For an amusing fictional take on crossing the wall, I recommend the short story “The Giggle Wrecker“, in the collection “Pieces of Modesty” by Peter O’Donnell.

The Minister frowned. ‘If he can be got from Moscow to Berlin, surely you can get him over the Wall? It’s only another hundred yards or so.’    ‘A very particular hundred yards, Minister. Okubo is Japanese, and only four feet ten inches high. In an Aryan country he couldn’t be more obvious if he carried a banner with his name on it. Getting him out would require a major operation. Worst of all, we’re not the only ones who know he’s in East Berlin.

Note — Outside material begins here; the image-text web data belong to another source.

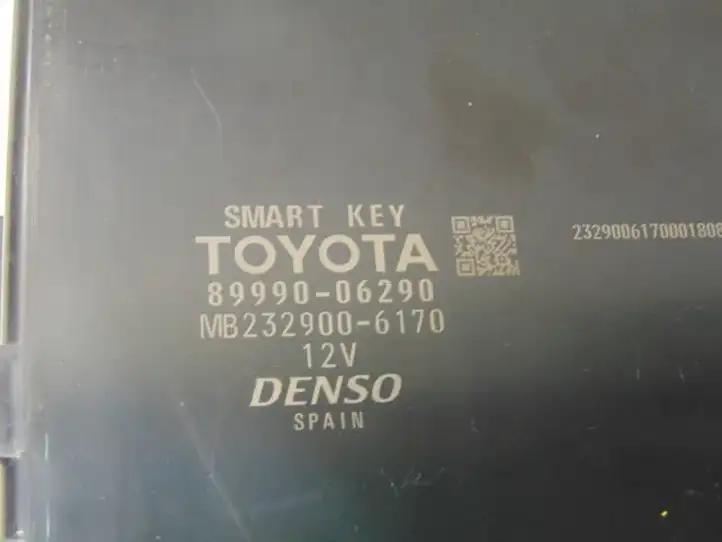 Toyota Camry VIII XV70 (2017 - 2020) 8999006290 Блок бесключевого доступа — фото 2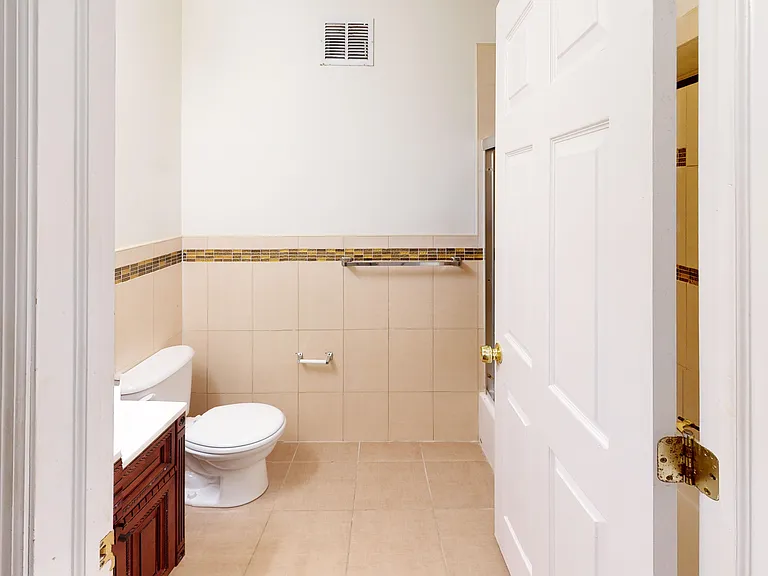 177 Clendenny Ave #2 — Photo 3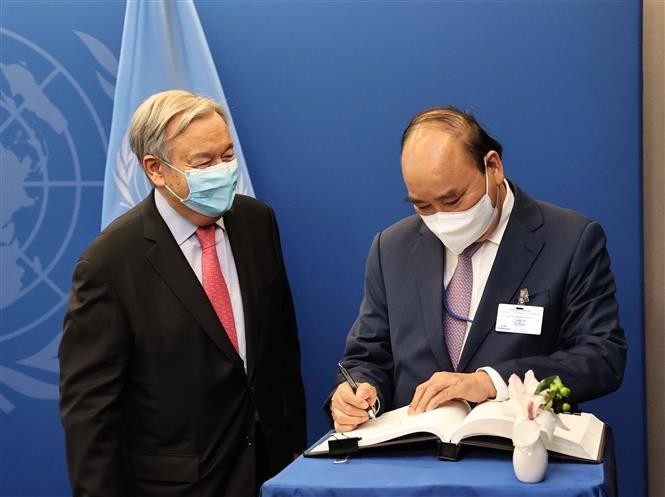 Chủ tịch nước Nguyễn Xuân Phúc ghi Sổ lưu niệm tại cuộc gặp Tổng thư ký Liên hợp quốc,Antonio Guterres. (Nguồn: TTXVN)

The KGB knows it, too.’

—————–

‘We go in from Sweden by air,’ Modesty said. ‘Willie is Herr Jorgensen, who runs a small antique and rare-book business in Gothenberg. I’m his secretary. I can’t show you what I’ll look like just now because I have to dye my hair, but I’ll be equally convincing.’

‘We have got away with it for the last five years,’ Willie said in his rather stilted Jorgensen voice, and took out a packet of Swedish cigarettes. Tarrant looked at Modesty. She said, ‘We’ve made a ten- or twelve-day trip to East Berlin from Sweden every year for the last five. The antique business in Gothenberg is quite genuine and belongs to us.’

She gave a little shrug. ‘We began it a year or two before we retired from crime. It seemed a useful provision, to see what went on behind the Curtain and to establish credible identities there. We kept it up because it seemed a pity to let the thing lapse. The East Berlin police have Herr Jorgensen and Froken Osslund on record. We’ve been tailed and bugged and checked and politely questioned. They’ve given up tailing us now. We know that, because we always know if we’re being tailed. They may still bug our rooms. We never bother to check, because even if the rooms were clean there might be three bugs in each when we got back from a trip. So when we talk in our rooms, we talk in character.’